| TASK BRIEF |
Please tally the lines in the records that include the word "Maxi" and answer with the bare number.

| INFORMATION SHOWN |
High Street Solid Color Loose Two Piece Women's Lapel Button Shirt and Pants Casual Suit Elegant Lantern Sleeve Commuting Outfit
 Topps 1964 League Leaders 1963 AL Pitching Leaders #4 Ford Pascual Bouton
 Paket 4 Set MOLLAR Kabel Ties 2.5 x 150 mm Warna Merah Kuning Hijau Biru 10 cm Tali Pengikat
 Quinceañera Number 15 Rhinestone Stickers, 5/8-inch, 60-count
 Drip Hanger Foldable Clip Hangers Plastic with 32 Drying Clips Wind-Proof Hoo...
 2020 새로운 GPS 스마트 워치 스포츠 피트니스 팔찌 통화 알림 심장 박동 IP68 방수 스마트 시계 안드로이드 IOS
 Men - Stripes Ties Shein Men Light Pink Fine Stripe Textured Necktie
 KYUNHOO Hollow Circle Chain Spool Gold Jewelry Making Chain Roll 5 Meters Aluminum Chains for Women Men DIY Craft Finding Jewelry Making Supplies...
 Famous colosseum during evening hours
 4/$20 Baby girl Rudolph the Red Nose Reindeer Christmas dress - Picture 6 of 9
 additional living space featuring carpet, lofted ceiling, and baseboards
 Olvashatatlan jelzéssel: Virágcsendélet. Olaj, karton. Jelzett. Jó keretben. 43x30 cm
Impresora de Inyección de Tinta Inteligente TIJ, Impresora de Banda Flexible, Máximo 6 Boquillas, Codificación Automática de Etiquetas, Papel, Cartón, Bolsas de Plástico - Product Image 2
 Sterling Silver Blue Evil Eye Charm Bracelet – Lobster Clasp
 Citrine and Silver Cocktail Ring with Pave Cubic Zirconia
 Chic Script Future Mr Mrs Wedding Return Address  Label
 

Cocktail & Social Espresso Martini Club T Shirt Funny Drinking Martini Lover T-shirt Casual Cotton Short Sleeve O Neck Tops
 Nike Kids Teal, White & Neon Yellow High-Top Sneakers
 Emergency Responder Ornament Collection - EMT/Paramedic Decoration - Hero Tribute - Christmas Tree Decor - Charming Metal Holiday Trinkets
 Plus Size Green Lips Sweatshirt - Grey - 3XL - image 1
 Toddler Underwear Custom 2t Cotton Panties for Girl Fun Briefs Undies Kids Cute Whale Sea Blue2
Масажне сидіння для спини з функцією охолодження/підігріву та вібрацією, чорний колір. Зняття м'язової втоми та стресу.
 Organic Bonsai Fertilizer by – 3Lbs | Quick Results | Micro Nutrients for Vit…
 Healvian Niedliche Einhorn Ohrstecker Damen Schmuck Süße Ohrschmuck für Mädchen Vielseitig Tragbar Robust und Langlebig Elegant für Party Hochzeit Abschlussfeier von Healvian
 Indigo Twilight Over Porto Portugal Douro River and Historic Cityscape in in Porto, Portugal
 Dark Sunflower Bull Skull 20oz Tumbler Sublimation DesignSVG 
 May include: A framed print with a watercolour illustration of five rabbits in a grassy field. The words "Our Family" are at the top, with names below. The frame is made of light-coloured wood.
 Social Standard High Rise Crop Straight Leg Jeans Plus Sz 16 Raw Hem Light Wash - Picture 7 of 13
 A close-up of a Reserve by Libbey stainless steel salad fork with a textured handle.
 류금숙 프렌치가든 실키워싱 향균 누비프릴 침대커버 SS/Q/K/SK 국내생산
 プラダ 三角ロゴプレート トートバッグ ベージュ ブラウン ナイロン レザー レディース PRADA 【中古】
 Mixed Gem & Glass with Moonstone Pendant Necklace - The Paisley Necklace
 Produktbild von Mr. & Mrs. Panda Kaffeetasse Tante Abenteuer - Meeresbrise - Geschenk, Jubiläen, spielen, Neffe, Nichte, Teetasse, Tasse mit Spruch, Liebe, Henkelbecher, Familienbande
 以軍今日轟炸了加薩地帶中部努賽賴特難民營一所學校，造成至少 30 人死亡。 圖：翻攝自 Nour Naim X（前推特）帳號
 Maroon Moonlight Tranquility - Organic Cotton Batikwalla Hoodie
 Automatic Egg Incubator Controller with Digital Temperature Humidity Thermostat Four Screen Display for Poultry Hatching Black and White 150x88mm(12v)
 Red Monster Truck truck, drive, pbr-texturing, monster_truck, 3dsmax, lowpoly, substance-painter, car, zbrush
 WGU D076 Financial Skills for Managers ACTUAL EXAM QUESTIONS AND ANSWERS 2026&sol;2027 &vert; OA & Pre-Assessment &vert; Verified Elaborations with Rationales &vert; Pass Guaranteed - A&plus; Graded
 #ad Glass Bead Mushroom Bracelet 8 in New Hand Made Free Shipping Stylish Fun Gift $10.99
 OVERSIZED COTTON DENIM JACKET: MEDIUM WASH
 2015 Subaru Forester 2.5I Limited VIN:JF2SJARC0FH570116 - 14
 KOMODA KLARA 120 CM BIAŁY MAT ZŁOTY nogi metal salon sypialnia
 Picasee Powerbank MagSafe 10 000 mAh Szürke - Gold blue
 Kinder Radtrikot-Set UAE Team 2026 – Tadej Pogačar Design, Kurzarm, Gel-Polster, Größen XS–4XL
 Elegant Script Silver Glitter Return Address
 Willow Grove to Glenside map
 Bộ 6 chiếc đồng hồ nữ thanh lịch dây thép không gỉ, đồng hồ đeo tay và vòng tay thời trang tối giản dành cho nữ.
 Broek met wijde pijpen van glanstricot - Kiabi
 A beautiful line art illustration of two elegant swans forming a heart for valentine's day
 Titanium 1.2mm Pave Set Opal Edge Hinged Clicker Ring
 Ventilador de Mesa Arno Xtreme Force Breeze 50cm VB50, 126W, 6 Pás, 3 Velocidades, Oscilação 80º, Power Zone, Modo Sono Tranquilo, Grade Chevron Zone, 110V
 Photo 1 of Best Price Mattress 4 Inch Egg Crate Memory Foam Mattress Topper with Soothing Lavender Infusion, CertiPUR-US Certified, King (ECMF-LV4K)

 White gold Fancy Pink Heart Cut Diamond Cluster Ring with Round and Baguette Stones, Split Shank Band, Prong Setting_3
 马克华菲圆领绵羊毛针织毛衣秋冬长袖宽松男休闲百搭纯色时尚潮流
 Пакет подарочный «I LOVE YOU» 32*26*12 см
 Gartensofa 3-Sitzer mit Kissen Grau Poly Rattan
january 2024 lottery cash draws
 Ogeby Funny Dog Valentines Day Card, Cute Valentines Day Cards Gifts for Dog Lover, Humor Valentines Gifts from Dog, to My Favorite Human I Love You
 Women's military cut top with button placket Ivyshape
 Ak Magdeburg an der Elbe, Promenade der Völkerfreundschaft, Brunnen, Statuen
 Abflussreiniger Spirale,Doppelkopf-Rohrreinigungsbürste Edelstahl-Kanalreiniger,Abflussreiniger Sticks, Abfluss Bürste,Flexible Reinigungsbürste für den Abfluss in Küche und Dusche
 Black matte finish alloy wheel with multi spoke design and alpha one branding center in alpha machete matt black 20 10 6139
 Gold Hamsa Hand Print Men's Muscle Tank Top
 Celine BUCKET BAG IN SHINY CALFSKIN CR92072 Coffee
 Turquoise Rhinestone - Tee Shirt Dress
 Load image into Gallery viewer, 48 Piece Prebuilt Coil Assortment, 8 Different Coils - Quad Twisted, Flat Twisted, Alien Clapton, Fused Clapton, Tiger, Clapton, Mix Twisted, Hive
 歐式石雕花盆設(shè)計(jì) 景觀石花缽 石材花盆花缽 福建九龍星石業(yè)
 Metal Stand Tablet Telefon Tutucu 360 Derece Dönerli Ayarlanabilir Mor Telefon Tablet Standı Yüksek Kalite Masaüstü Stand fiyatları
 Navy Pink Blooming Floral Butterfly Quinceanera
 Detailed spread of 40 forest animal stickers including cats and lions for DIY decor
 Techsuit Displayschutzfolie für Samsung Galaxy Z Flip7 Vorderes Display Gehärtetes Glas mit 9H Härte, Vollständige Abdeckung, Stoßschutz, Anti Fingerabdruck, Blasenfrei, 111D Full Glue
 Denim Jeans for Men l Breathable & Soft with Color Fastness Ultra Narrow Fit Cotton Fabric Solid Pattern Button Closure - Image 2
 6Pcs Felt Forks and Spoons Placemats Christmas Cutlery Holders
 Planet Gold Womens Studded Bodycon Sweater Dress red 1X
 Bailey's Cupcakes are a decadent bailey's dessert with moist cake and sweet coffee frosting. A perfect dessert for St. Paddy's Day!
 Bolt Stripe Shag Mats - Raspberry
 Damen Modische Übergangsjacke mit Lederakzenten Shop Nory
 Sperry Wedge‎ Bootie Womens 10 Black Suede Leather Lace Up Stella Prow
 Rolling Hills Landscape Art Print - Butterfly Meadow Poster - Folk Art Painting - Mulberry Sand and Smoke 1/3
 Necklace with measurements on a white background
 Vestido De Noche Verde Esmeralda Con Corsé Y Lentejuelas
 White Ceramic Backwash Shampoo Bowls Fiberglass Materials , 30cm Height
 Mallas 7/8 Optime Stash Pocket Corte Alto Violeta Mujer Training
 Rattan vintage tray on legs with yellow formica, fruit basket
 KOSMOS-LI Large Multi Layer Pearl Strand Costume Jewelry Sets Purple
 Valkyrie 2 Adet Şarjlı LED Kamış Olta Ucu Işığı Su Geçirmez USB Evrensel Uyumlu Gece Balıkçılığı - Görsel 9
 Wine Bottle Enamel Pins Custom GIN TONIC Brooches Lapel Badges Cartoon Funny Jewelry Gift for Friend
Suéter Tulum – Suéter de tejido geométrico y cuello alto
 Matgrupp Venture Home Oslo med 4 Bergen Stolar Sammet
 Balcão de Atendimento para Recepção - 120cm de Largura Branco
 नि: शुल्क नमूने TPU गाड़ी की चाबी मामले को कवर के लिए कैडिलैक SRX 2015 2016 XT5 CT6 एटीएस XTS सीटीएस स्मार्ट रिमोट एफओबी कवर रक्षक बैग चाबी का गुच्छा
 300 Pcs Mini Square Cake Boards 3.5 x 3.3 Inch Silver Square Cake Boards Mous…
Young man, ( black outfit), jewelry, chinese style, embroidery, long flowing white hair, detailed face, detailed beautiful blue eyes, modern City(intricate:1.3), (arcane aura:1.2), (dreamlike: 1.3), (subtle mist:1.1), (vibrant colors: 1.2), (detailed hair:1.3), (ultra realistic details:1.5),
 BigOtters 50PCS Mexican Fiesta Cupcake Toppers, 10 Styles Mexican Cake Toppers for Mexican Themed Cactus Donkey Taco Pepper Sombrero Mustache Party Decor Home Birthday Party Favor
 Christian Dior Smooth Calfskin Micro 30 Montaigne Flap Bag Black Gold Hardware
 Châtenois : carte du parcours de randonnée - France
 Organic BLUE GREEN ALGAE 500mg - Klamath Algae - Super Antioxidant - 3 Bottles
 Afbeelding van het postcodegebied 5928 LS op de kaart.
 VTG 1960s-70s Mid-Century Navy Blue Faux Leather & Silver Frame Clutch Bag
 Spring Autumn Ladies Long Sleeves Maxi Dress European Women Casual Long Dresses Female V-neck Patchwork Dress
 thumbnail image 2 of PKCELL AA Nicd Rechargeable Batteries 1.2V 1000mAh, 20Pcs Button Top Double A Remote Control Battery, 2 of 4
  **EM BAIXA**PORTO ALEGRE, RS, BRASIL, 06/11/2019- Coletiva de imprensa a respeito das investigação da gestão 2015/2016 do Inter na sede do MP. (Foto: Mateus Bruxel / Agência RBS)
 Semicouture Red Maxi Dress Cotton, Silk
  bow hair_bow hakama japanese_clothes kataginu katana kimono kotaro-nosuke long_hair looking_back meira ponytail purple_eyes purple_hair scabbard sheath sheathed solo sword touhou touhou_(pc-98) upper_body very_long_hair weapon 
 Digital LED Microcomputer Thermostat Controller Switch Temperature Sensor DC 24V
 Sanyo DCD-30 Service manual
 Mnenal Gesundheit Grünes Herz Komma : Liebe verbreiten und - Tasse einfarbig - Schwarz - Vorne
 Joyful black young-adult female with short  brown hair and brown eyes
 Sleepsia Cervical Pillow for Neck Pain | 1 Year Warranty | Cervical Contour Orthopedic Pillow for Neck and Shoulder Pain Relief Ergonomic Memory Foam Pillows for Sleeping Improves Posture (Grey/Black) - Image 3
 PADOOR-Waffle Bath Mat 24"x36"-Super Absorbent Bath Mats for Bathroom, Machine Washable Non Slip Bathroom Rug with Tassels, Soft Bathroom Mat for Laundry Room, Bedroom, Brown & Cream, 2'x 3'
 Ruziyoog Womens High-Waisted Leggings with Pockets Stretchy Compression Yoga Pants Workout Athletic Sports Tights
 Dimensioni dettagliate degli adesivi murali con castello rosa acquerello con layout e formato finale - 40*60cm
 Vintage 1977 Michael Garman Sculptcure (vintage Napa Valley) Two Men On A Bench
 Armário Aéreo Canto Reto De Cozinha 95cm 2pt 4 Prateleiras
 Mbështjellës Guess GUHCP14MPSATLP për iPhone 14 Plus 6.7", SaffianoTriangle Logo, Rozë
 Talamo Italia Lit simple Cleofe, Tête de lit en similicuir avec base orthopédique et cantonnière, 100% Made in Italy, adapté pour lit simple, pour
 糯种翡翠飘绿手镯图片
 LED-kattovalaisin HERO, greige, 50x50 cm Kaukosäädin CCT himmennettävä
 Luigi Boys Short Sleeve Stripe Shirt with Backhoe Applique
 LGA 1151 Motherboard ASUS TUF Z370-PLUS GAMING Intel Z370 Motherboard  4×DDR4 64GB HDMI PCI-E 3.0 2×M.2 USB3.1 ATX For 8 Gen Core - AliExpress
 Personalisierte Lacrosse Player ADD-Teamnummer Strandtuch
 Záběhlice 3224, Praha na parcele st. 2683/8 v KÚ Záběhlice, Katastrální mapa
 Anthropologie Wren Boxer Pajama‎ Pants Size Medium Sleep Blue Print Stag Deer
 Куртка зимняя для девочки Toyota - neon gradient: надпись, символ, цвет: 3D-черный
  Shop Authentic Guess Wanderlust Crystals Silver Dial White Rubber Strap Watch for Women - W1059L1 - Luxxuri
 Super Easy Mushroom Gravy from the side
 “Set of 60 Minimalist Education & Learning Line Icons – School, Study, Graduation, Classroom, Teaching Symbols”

| PROBLEM SOLUTION |
2